In Vietnam, some firms, including INSEE, SIKA and Doka, have greatly contributed to widening cities and developing infrastructure quickly over the past few years, but the potential of the market is still enormous. As such, these firms are unstoppable with reforms.

“We must weigh existing challenges on climate change, urbanisation and greenhouse gas emissions; adjust construction methods to make the market more sustainable; and adapt to new technologies,” Legeret said.

Obviously, the innovation factor plays a key role in the process of developing infrastructure, but the goal contractors go toward is sustainability.

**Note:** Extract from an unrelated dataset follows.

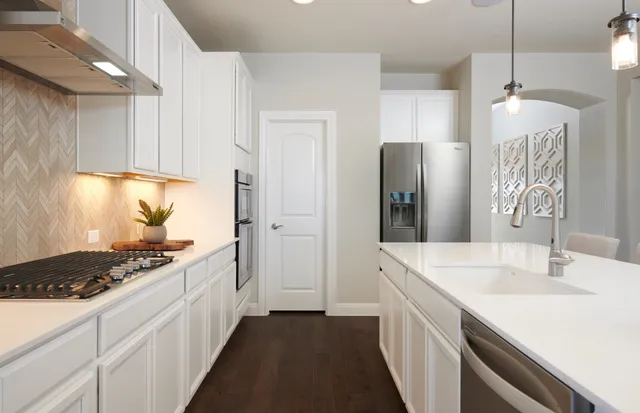 a kitchen with stainless steel appliances a sink stove and refrigerator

The representative of SIKA said that the construction industry consumes a significant amount of natural resources, energy and manpower. Innovation means limiting the use of materials and energy, and driving yields.

“This is the first step, and the next value is sustainability,” Mavrodin from SIKA Vietnam said.

The representative of SIKA said that sustainability is defined based on the lifespan of a building. “Among infrastructure projects, we always wish architectural works to be safe and long-lasting and to receive few maintenance and repair services. At the end of their lifespan, we can recycle and reuse the components of these old works,” Mavrodin said.

The firms, such as INSEE, SIKA and DOKA, are acting as major contributors to the development of value chains to make industries smart and sustainable.

“In partnership with relevant parties, including contractors, suppliers, architects, engineers and authorities, we must boost the innovation process for sustainable construction,” said Legeret.

Large Infrastructure Project Conference 2019 was organised by INSEE Vietnam, formerly Holcim Vietnam, an affiliate of Jardines, in partnership with SIKA, DOKA, Vietnam Institute of Building Materials, Vietnam Green Building Council, the British Business Association and the Hong Kong Business Association.

Under theme “Rethinking Construction,” the second edition, which took place on November 22, introduced the latest innovations and technologies of leading global companies to overcome barriers to traditional construction methods, save resources and move toward sustainable development.

INSEE Vietnam also aimed to build a community of leading building material suppliers and construction companies, cooperate to develop infrastructure and construction as well as improve city planning while enhancing living standards.